Um dos aspectos que apontam para essa falha é que a Bahia passou o estado do Rio de Janeiro no ranking nacional de letalidade policial, o que, para a diretora, enfatiza que essas ações não promovem paz e segurança. “Carecemos de políticas públicas eficientes e com foco na preservação da vida. Os exemplos de outras cidades, inclusive no exterior, são claros, para quebrar o ciclo da violência é preciso investigar os homicídios, coisa que se faz muito pouco no Brasil, atuar para a redução da violência policial e dos conflitos entre grupos armados”, enfatiza Maria Isabel.

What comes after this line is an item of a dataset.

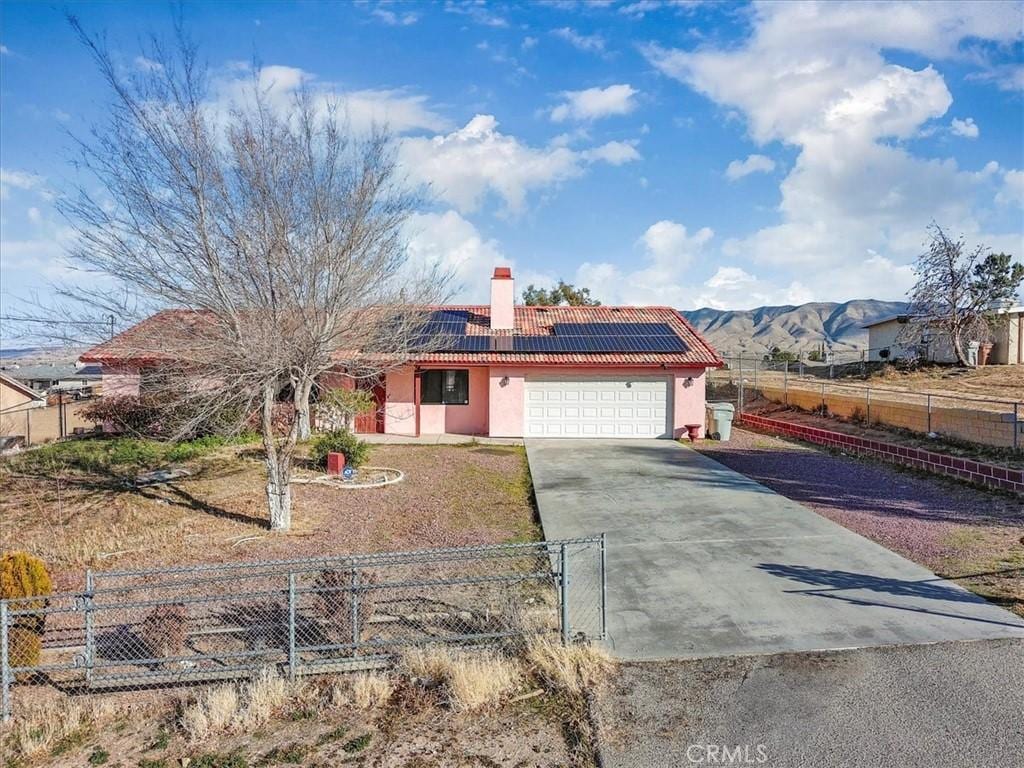 ranch-style house featuring solar panels, a garage, and a mountain view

“[A posição da Bahia no ranking de letalidade policial é] um exemplo bastante claro do que acontece quando políticas públicas não são baseadas em dados e evidências. E também do que acontece quando não há transparência, participação e controle social na elaboração, monitoramento e avaliação dessas políticas. Você tem os dados e análises mostrando uma direção e o investimento vai na contramão”, afirma.
Os impactos das trocas de tiros - sejam elas causadas pela rivalidade entre grupos criminosos ou entre suspeitos e policiais - na vida da população é inegável. Mesmo com a ocupação de Vila Verde pela PM, a sensação de insegurança constante levou moradores a abandonarem as próprias casas na região.
Ruas desertas, casas abertas, janelas e móveis quebrados e marcas de tiros nas paredes são aspectos que compõem o cenário de Vila Verde no momento. Em reportagem da TV Bahia, uma das donas das casas abandonadas contou que morava em Vila Verde há 28 anos, mas decidiu deixar a localidade.
"Eu sempre vivi bem aqui. Infelizmente, em nenhum lugar na Bahia a gente se sente seguro. Aliás, não é só aqui na Bahia, o mundo inteiro está assim", disse a ex-moradora. "Eu amo meu bairro, mas fazer o quê? Quem tem Deus tem que olhar para frente e seguir", lamentou a mulher, que caminhava segurando sacos com roupas e deixava o local.